3.71%:  push %r14                        Register spill
3.52%:  mov g_tiny_initialized,%r14d     Global read
3.53%:  mov 0x1c(%rsp),%ebp             Stack read
3.33%:  cmpq $0x80,0x10(%rsp)           Size check
3.06%:  mov %rbp,0x38(%rsp)             Stack write

After optimization, expect:

  • Push/pop overhead: reduced (fewer registers needed in fast path)
  • Global reads: eliminated (cached in TLS)
  • Stack access: reduced (smaller frame)
  • Size checks: inlined (better prediction)

Expected New Bottlenecks After Fix

If hak_tiny_alloc drops to ~10%, next hottest will be:

  1. mid_desc_lookup: 12.55% (may become #1)
  2. hak_tiny_owner_slab: 9.09% (close to threshold)

But both <15%, so diminishing returns starting to apply.


Questions Before Starting?

  1. Do we want to target 10% or 12% for hak_tiny_alloc?

    • 10%: More aggressive, may need all optimizations
    • 12%: Conservative, Phase 1 may be enough
  2. Should we also tackle mid_desc_lookup (12.55%)?

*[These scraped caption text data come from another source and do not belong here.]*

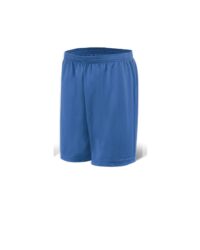 Dynamic Sport Shorts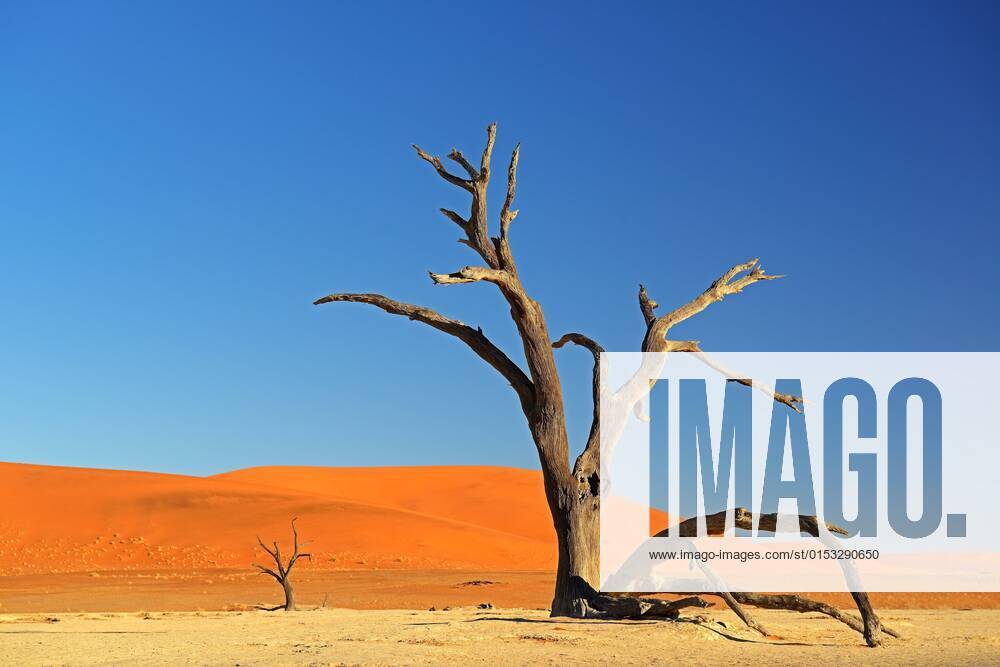 Kameldornakazie, Kameldornbaum (Acacia erioloba), abgestorbene Kameldornbaeume in der Wueste im letzten Abendlicht, Namibia, Namib Naukluft Nationalpark, Sossusvlei, Dead Vlei camel thorn, giraffe thorn (Acacia erioloba), dead camel thorn trees in the desert in the last evening light, Namibia, Namib Naukluft National Park, Sossusvlei, Dead Vlei BLWS664630
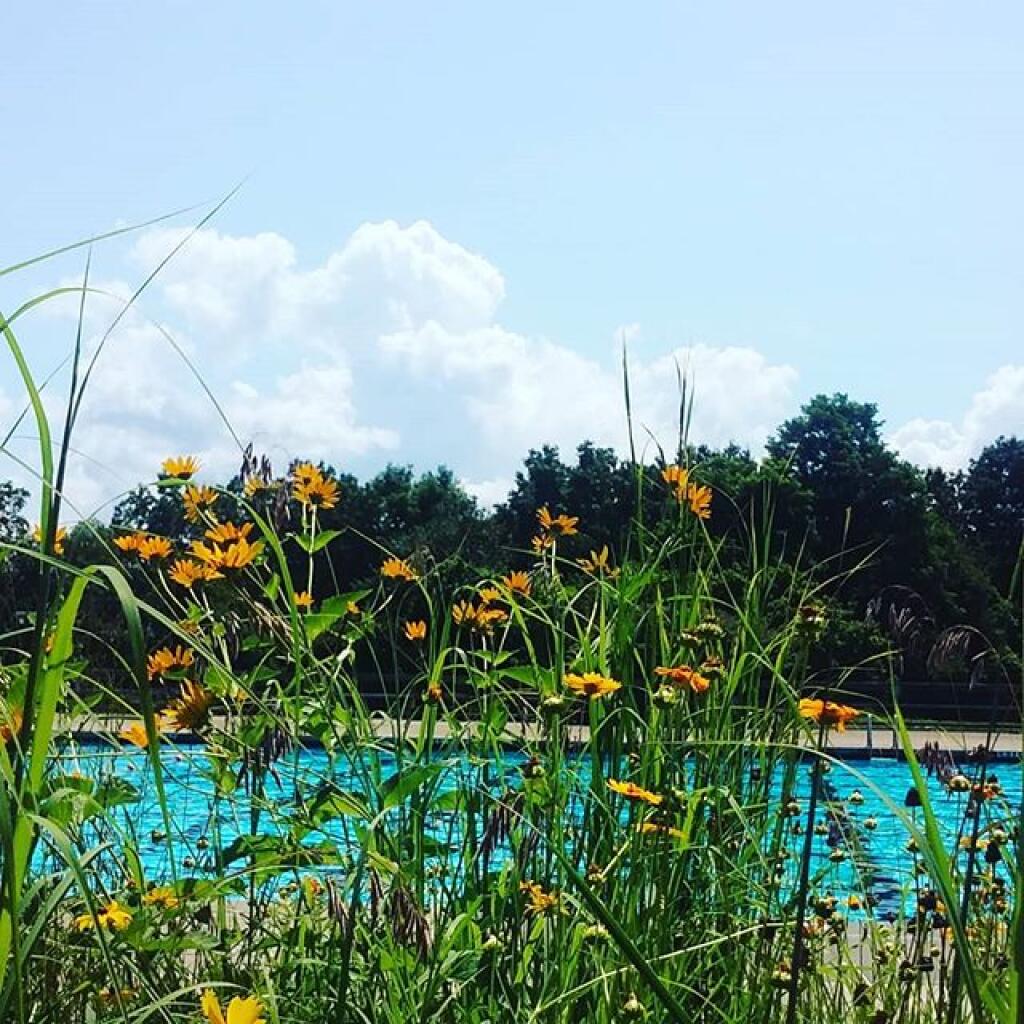 Photo: Definitely a nice day Photo: Definitely a nice day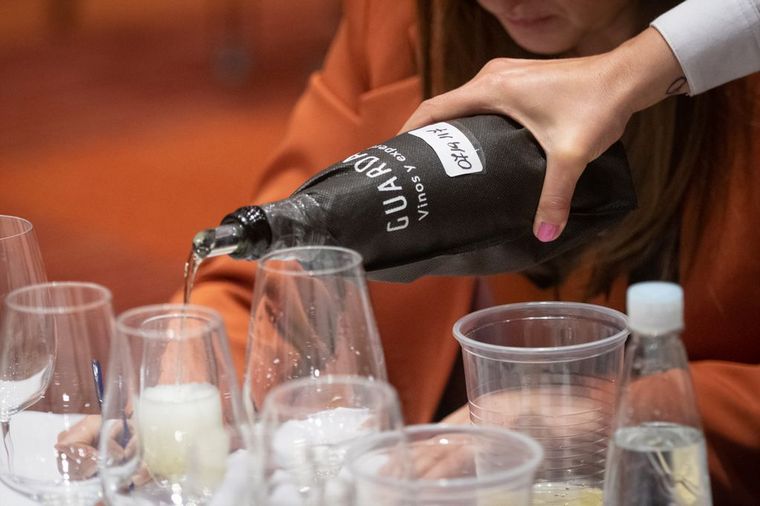 Concurso Nacional de Vinos y Espirituosas Guarda14 (Foto: Guarda14)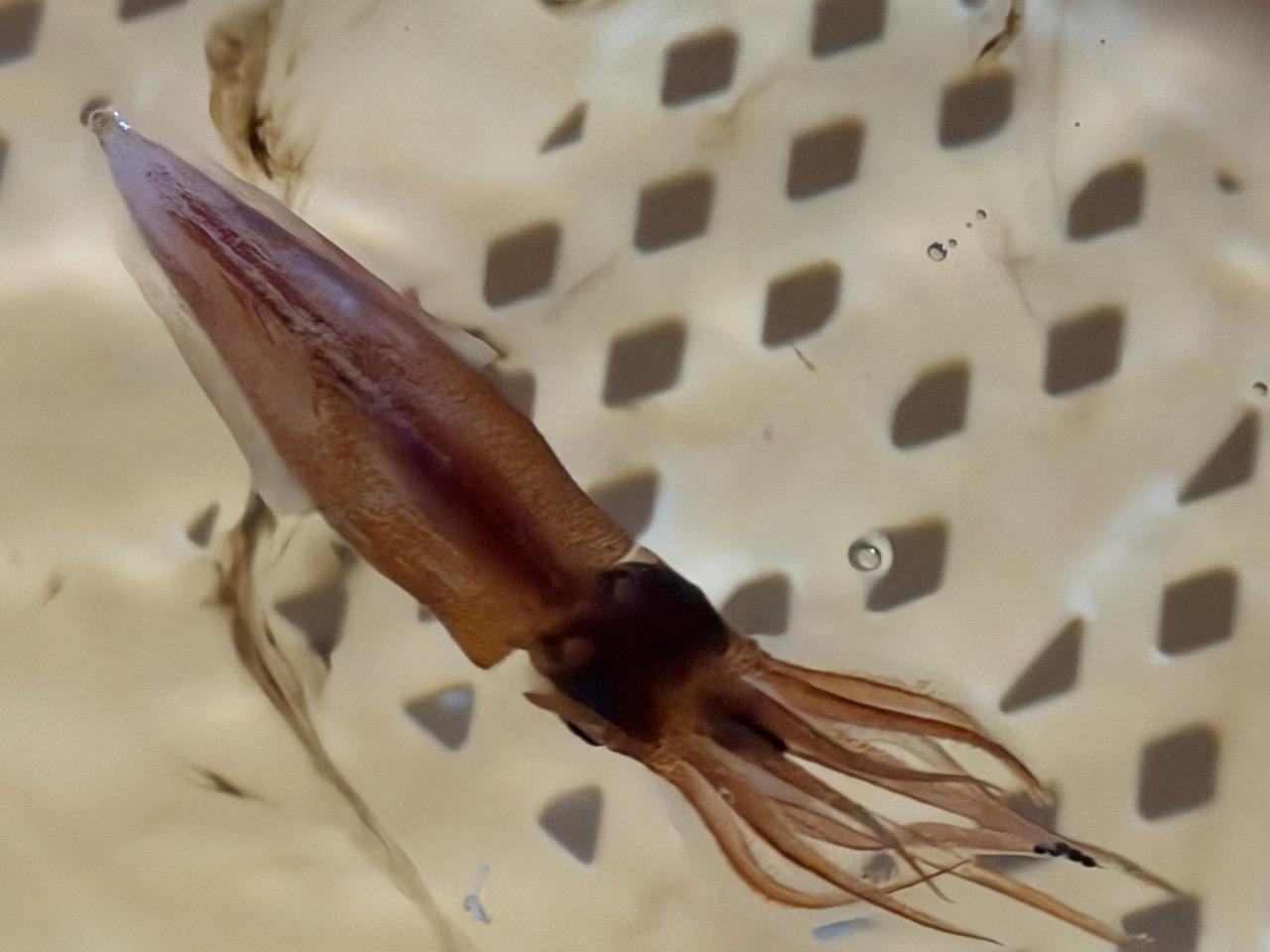 小さなホタルイカを傷つけないために-3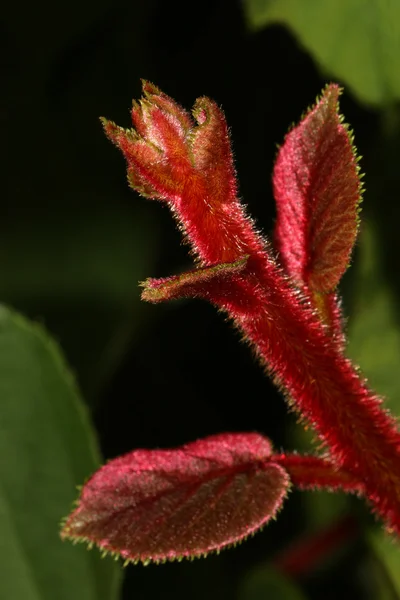붉은 색된 식물 — 스톡 사진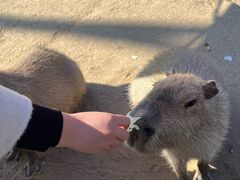 -合肥滨湖国家森林公园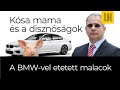 Kósa mama és a disznóságok - A BMW-vel etetett malacok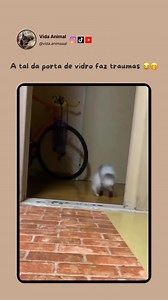 2.5K views · 10K reactions | Traumas  . . . Siga a página e nos ajude a chegar nos 25.000 seguidores ❤️ #Doguinho #Dog #Doguineo #Meme | Vida Animal | Facebook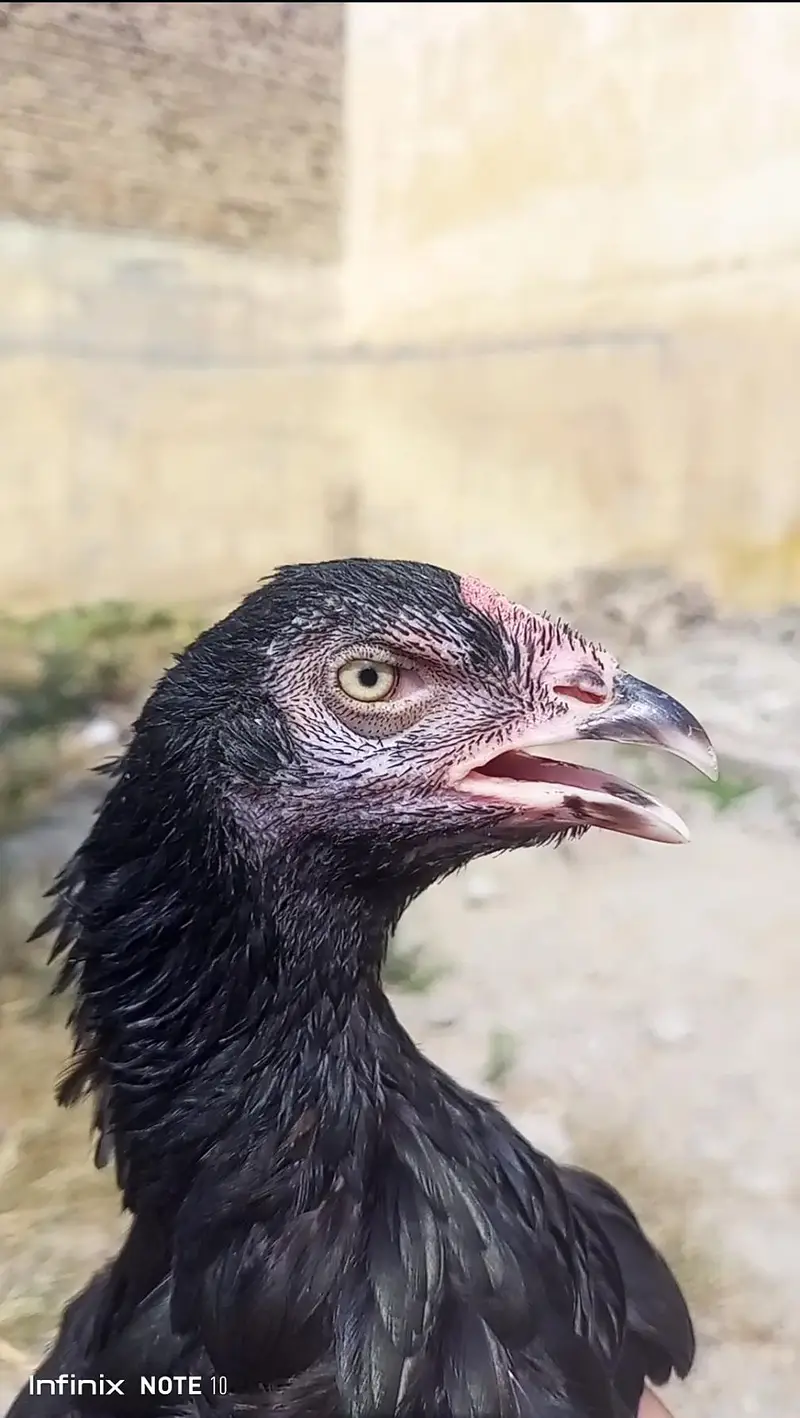 High Quality 3 Madiyan For Sale — photo 8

    • Could do both in one session
    • Hash table optimization is independent
  3. When to stop optimizing?

    • When top bottleneck <10%?
    • When beating glibc by 2x (target achieved)?
    • When effort exceeds returns?

Recommendation: Do Phase 1 (fast path inline), measure, then decide on Phase 2.


Ready to Start?

Next command to run:

# Read current implementation
cat /home/tomoaki/git/hakmem/hakmem_pool.c | grep -A 200 "hak_tiny_alloc"

Then start implementing inline fast path!